I turned the head 90 deg. And used the face plate. I don't like running screws in my projects but until I get a bigger lathe I have no choice

Reactions: Like 1


----------



## woodtickgreg (Mar 19, 2017)

C.L. Boyett said:


> I turned the head 90 deg. And used the face plate. I don't like running screws in my projects but until I get a bigger lathe I have no choice


I use a face plate too, but I run the screws into the side that is going to be hollowed, that way the screw holes get turned away. I like face plates with heavy out of balance chunks, and use them with the tail stock for extra support until they are rounded and come into better balance. Face plates are not a bad tool to use, imo.

Reactions: Like 1 | Agree 2


----------



## C.L. Boyett (Mar 19, 2017)

gman2431 said:


> Look nice!
> 
> Explain a little more about how to do a 14 inch bowl on a 12in lathe tho... Lol. I'm lost on that one.[/QUOTEI turned the head 90deg. ]


----------



## Lou Currier (Mar 19, 2017)

Absolutely love that first bowl!

Reactions: Thank You! 1


----------



## C.L. Boyett (Mar 19, 2017)

woodtickgreg said:


> I use a face plate too, but I run the screws into the side that is going to be hollowed, that way the screw holes get turned away. I like face plates with heavy out of balance chunks, and use them with the tail stock for extra support until they are rounded and come into better balance. Face plates are not a bad tool to use, imo.

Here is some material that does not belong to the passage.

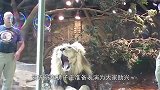 雄狮“发狂扑倒”饲养员，一旁母狮坐不住了，这是准备造反了？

Until I get a bigger chuck I have no choice but to use the face plate on the bottom. My chuck works fine on the smaller bowls but I'm a bit nervous to try it on anything larger. It's the small nova.


----------



## DKMD (Mar 19, 2017)

Nice work! Love that walnut!

I'm not familiar with that chuck, but I'd bet they make larger jaws that would help your cause.

Reactions: Thank You! 1


----------



## gman2431 (Mar 19, 2017)

Learn something new every day! I didnt know there was small lathes that the head turned on. I always thought it was the 16in and up ones you could move the headstock.

What lathe you got?

Reactions: Like 1


----------



## duncsuss (Mar 19, 2017)

gman2431 said:


> What lathe you got?



Looks like the HarborFreight 12" x 33" lathe. It has a Reeves drive and a head that can be turned. The cast iron is pretty much identical to a model also made as Jet and Delta (maybe ShopFox too) but with one clear difference: those other brands mounted the motor so the butt end sticks outboard, the HF genius designers arranged it so the butt end of the motor projects inwards -- which very effectively limits how large you can make a platter that sits close to the spindle.

Reactions: Like 1


----------



## C.L. Boyett (Mar 19, 2017)

What lathe you got?[/QUOTE]


gman2431 said:


> Learn something new every day! I didnt know there was small lathes that the head turned on. I always thought it was the 16in and up ones you could move the headstock.
> 
> What lathe you got?


I picked up a cheap one from Habor Freight just to see if I'd like turning wood. Believe it's a 12x36, and I believe turning will be my specialty. 
Trust me there was a big learning curve to those tools. At times I wondered if it was worth continuing. Now I'm roughing out a bowl in 1/4 of the time. I've already dulled my carbide rougher. There'll be many more pic's soon.

Reactions: Like 1


----------



## C.L. Boyett (Mar 19, 2017)

duncsuss said:


> Looks like the HarborFreight 12" x 33" lathe. It has a Reeves drive and a head that can be turned. The cast iron is pretty much identical to a model also made as Jet and Delta (maybe ShopFox too) but with one clear difference: those other brands mounted the motor so the butt end sticks outboard, the HF genius designers arranged it so the butt end of the motor projects inwards -- which very effectively limits how large you can make a platter that sits close to the spindle.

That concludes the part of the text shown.